- Problem to solve: Drop the pictures, then repeat every record exactly as it stands.

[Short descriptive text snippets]
•••••

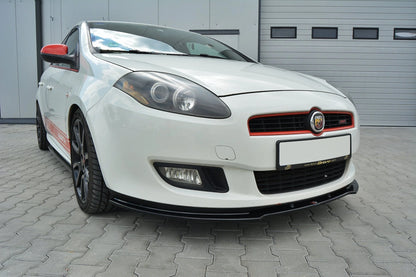 FIAT Bravo Sport - Frontspoiler - Frontlippe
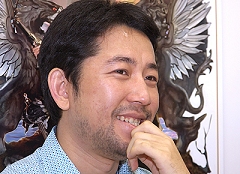 画像ギャラリー No.014のサムネイル画像 / キム・ハッキュ氏に聞く「グラナド・エスパダ プラス」――理想のオンラインゲームとはプレイヤーの生活の一部であること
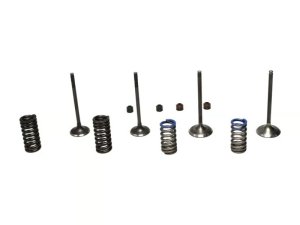 Honda CRF250R Valve Kit - Wiseco - Steel - `08-`09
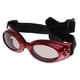 thumbnail image 3 of Collasiple Pet Dog Goggles Gafas de terre Gafas Contra Protección Contra El Ojos - rojo, se describe Yuyangstore Gafas de sol para mascotas, 3 of 8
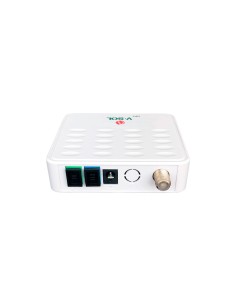 Comprar V-SOL VSOL-V8601C-1-WDM-AGC Vsol receptor óptico de CATV con WDM - Permite combinar TV (1550 nm) y datos PON (1310/1490/ 2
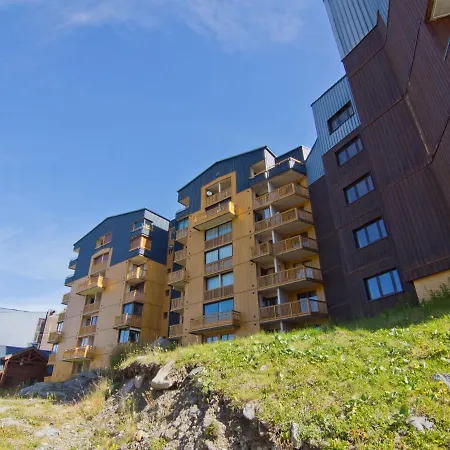 Les Cimes De Caron-14 By Interhome Appartement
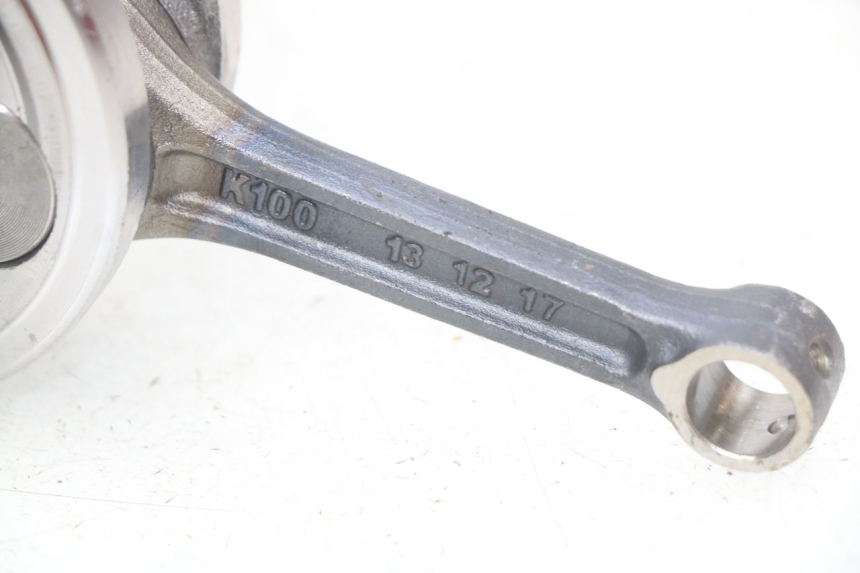 photo de virabrequim NITRO MOTORS THUNDER 125 - Peça verificada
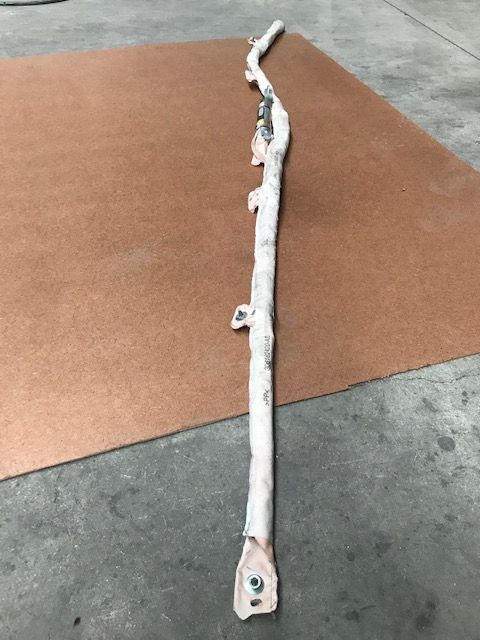 Cortina de airbag direita opel insignia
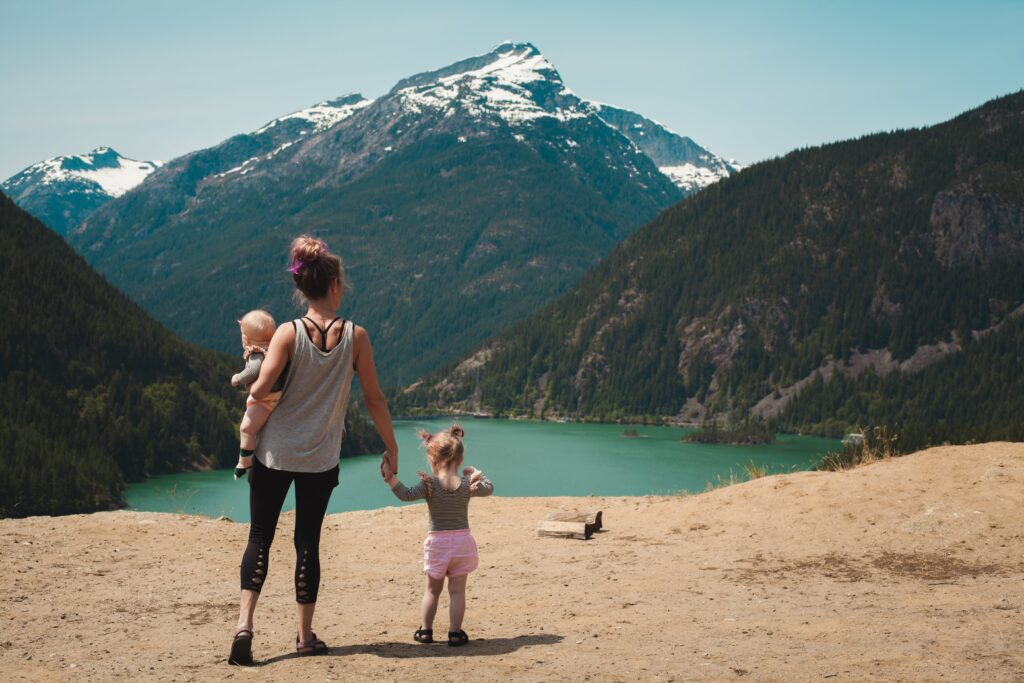 Destinos para viajar con bebés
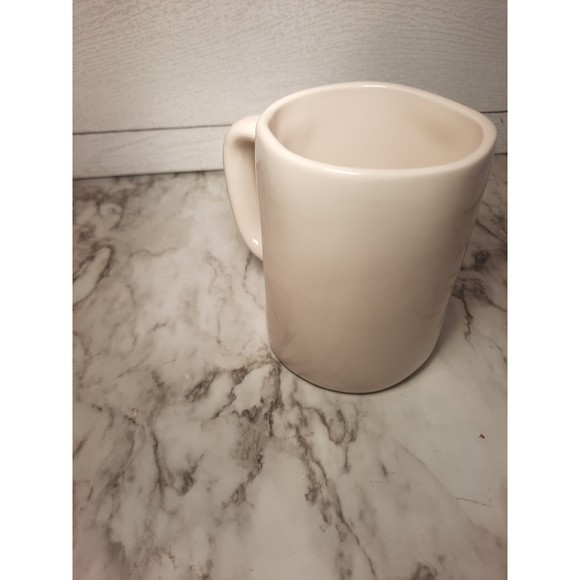 Rae Dunn Artisan Collection by Magenta Coffee Mug Never Dunn 20oz Lrg Cup - Picture 3 of 9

•••••

- Written answer:
 FIAT Bravo Sport - Frontspoiler - Frontlippe
 画像ギャラリー No.014のサムネイル画像 / キム・ハッキュ氏に聞く「グラナド・エスパダ プラス」――理想のオンラインゲームとはプレイヤーの生活の一部であること
 Honda CRF250R Valve Kit - Wiseco - Steel - `08-`09
 thumbnail image 3 of Collasiple Pet Dog Goggles Gafas de terre Gafas Contra Protección Contra El Ojos - rojo, se describe Yuyangstore Gafas de sol para mascotas, 3 of 8
 Comprar V-SOL VSOL-V8601C-1-WDM-AGC Vsol receptor óptico de CATV con WDM - Permite combinar TV (1550 nm) y datos PON (1310/1490/ 2
 Les Cimes De Caron-14 By Interhome Appartement
 photo de virabrequim NITRO MOTORS THUNDER 125 - Peça verificada
 Cortina de airbag direita opel insignia
 Destinos para viajar con bebés
 Rae Dunn Artisan Collection by Magenta Coffee Mug Never Dunn 20oz Lrg Cup - Picture 3 of 9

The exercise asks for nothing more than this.